PROBLEM
Transcribe word for word each line from the one containing "Quince Black Protech" to the final line of the data, both included. Skip the pictures.

GIVEN DATA
------------------------------

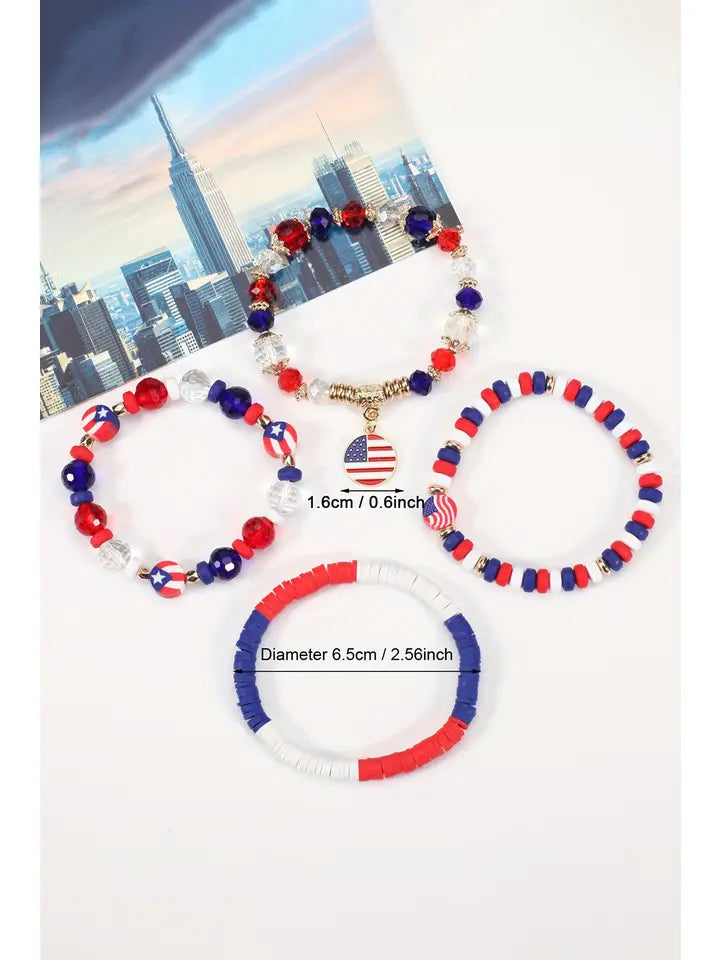 Red Patriotic Beaded Layered Bracelet Flag Day July 4th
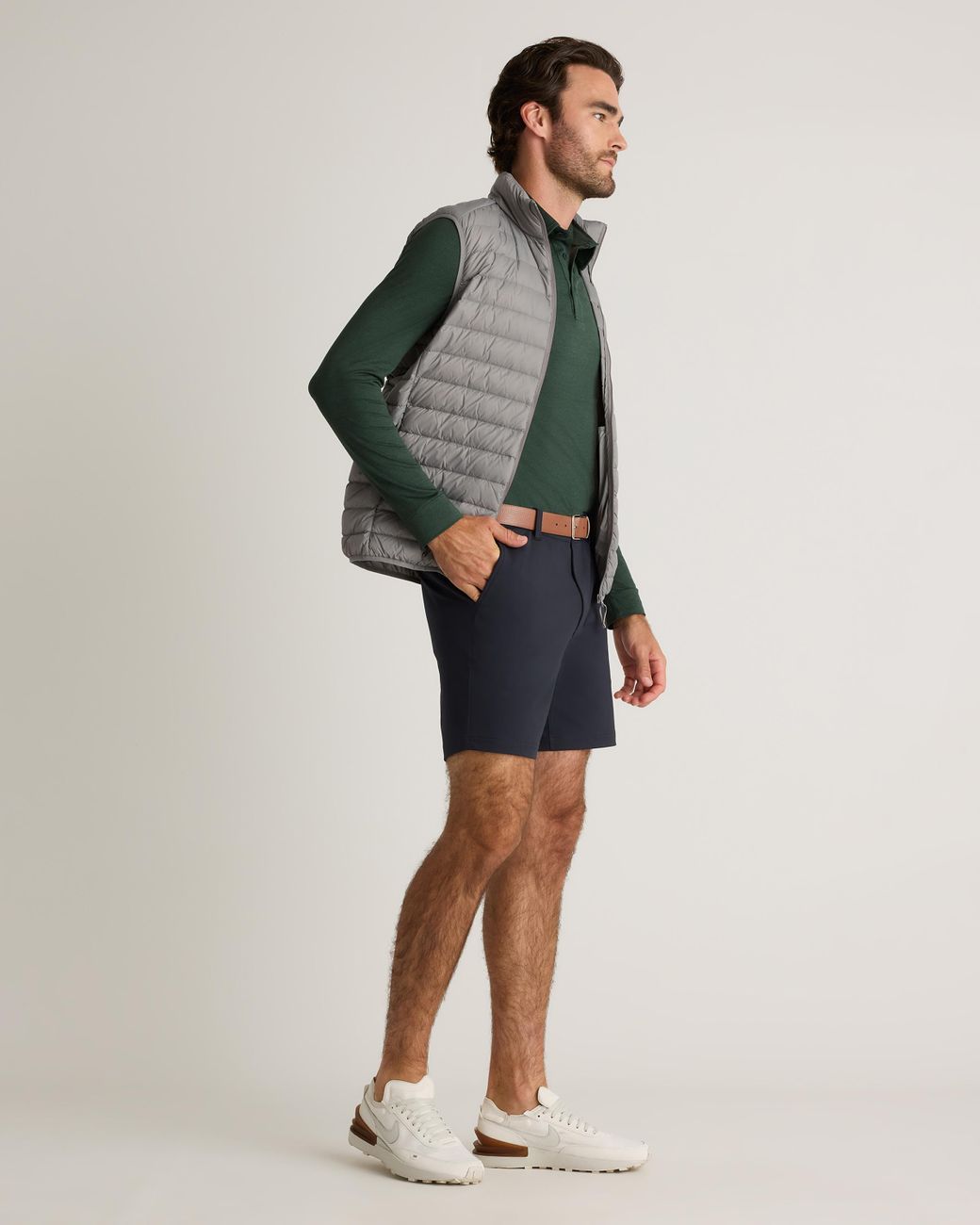 Quince Black Protech Golf Shorts 7 Inch for men
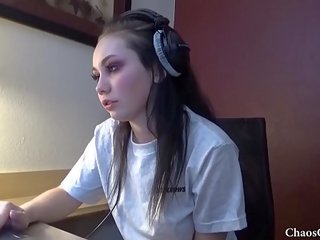 18 year old Lenna Lux masturbating in headphones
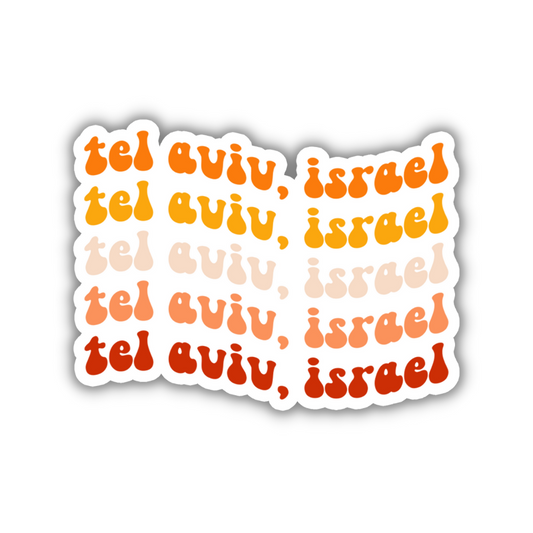 Tel Aviv, Israel Retro Sticker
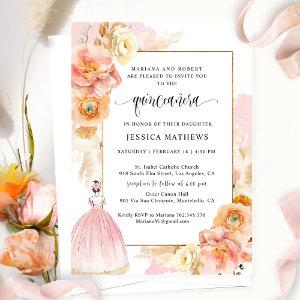 Elegant, Unique Pink Floral Princess Quinceañera
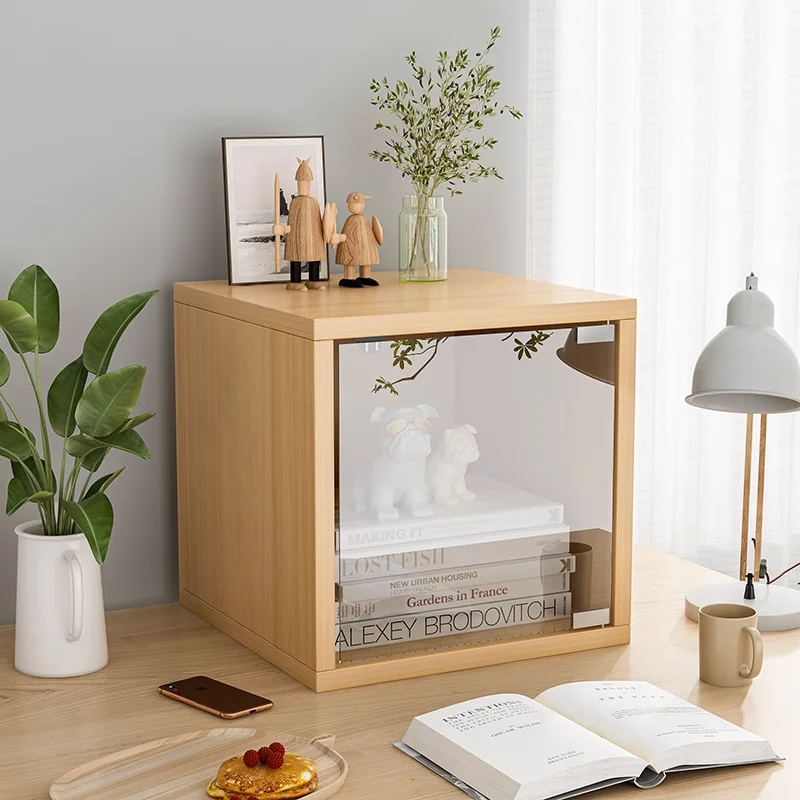 

Desktop Bookshelf Storage Shelving Simple Small Double-layer Workstation Table Small Bookcase with Door Mini Storage Cabinet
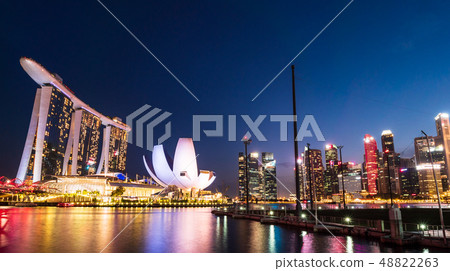 Singapore Marina Bay Night view Singapore Marina Bay Night view 48822263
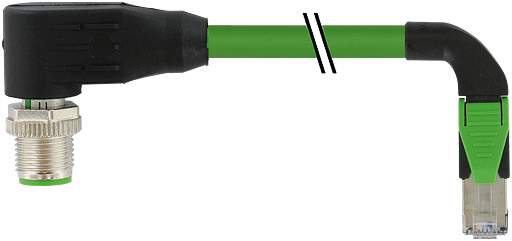 M12 St. 90° D-kod. / RJ45 90° rechts geschirmt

------------------------------

EXERCISE RESPONSE
 Quince Black Protech Golf Shorts 7 Inch for men
 18 year old Lenna Lux masturbating in headphones
 Tel Aviv, Israel Retro Sticker
 Elegant, Unique Pink Floral Princess Quinceañera

Desktop Bookshelf Storage Shelving Simple Small Double-layer Workstation Table Small Bookcase with Door Mini Storage Cabinet
 Singapore Marina Bay Night view Singapore Marina Bay Night view 48822263
 M12 St. 90° D-kod. / RJ45 90° rechts geschirmt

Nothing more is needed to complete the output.